Our words mean everything we’ve learned about them,
and it is right that we don’t have words for the feeling of being destroyed,
there should be no words for destruction,
it is the moment for silence
in every language in the world.

3
Raindrops stay on the leaves a long time.
The birds sip at them without breaking the sparkling nets.

The ground around every landmine holds its breath
for the moment when fire will explode its seeds into life.

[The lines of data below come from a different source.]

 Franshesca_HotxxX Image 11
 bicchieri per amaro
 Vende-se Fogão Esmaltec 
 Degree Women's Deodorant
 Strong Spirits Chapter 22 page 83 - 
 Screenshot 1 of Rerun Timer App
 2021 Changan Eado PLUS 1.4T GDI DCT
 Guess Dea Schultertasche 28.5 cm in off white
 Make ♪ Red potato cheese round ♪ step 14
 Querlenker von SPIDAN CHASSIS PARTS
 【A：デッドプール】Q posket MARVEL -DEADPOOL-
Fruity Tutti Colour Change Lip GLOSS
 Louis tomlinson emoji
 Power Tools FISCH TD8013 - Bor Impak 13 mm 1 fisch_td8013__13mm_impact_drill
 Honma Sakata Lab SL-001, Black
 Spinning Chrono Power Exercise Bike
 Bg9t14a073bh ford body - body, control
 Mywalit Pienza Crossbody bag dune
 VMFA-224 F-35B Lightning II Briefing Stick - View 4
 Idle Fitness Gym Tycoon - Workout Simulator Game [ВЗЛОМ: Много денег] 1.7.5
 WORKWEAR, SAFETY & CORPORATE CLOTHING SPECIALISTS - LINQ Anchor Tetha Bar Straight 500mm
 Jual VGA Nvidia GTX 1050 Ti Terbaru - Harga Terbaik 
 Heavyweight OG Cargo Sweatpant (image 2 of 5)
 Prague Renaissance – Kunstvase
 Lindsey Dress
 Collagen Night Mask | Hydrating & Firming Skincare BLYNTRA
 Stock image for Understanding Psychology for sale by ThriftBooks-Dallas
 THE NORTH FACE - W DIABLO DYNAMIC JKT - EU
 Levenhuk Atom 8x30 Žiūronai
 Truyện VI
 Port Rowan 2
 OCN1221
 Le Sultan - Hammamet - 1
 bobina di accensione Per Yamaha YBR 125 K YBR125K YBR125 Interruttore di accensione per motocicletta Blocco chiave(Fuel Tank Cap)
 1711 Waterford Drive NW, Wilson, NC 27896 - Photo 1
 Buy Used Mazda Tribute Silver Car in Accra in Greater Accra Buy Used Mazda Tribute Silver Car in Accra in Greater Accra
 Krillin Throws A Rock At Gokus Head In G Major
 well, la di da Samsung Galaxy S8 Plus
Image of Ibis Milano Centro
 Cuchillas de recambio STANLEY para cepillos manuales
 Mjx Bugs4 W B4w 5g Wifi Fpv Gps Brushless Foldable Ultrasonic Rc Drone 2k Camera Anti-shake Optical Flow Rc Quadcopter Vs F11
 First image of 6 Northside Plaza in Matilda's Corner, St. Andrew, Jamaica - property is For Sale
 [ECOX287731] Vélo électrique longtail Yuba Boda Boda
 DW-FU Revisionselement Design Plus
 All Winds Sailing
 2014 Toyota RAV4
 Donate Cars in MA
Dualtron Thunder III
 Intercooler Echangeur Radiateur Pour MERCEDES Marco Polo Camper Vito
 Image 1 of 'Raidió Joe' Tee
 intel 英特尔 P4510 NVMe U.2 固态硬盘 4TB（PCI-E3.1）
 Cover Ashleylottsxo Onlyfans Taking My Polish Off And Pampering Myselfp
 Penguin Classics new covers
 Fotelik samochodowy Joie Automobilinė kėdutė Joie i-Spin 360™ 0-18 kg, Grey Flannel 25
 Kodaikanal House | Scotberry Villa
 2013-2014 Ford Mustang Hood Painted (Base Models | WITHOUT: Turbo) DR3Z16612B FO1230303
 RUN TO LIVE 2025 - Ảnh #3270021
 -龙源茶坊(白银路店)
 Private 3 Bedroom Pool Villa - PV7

Nature made everything, even the B-52 and George Bush.
Patterns of screaming children travel far into international airspace

melting the ice on every jet’s wings,
sending it in to land ahead of schedule.

4
In their different ways

a war-torn country
a war-torn province
a war-torn region
a war-torn community
a war-torn house
a war-torn friendship
a war-torn memory
a war-torn body
a war-torn poem
a war-torn understanding
a war-torn room
a war-torn tree

5
(Margin note:
something not mentioned in the reports
or seen in the photographs whose captions
misdirect your attention—

the child’s wounded body is always shaded by a man
crouching there with desperate eyes,
waving away insects or touching the bandages
as if there were something he could do
to mend the exploded flesh

and at funerals there are so many men
crying over the little body

even if they have locked their women inside houses and windowless clothing,
even if they carry guns and wear beards,
even if their turbans contain great hatred,
these men would give their lives to save this small child,
these men with broken hearts.)

6
Walking between George Bush and a full heart,
I choose the path of trees and cobbles
in a familiar city full of foreigners.

To be invisible in a place you know well
is the best kind of freedom.
There’s so much chatter in the world,
only silence now would change anything.
George Bush shadows me as I walk, complete
power and powerlessness on a street where trees do what the wind wants
and cobbles grow slowly softer in profile,
footstep by footstep.

Whether or not I love you, you’ll sleep well tonight.
In my heart too you’ll sleep well, close to me.
I’ll breathe in time to the wind.
George Bush passing through these hours
will leave only the lightest footprints.

7
On the record
the bombs kept falling
long after the journalists had left.

Off the record
he went out when he could
in the early morning hours
to watch the sky change colour undisturbed
and his wife sometimes joined him.

Once a reporter saw them walking, holding hands,
and he felt he should run after her
to explain.

8
Will the war be over
when people are dying of hunger instead of bomb strikes?
When the victors run out of new weapons to test?
When their radioactive debris has finished decaying on the battlefields?
When the sad little wingless men they bred in captivity
climb up on the podium
and announce that they are the leaders
of the new democracy?

The barbed wire around the US Consulate
will come down when the war is over.
We can stop praying and chanting outside the unphotographable building,
holding these placards that blow so wildly in the southeaster
we nearly get knocked down
when the war is over.

The oil price will stabilise when the war is over.
Holiday travel will be safe again when the war is over.
Everyone will be happy when the war is over,
and we can take photographs of ourselves smiling.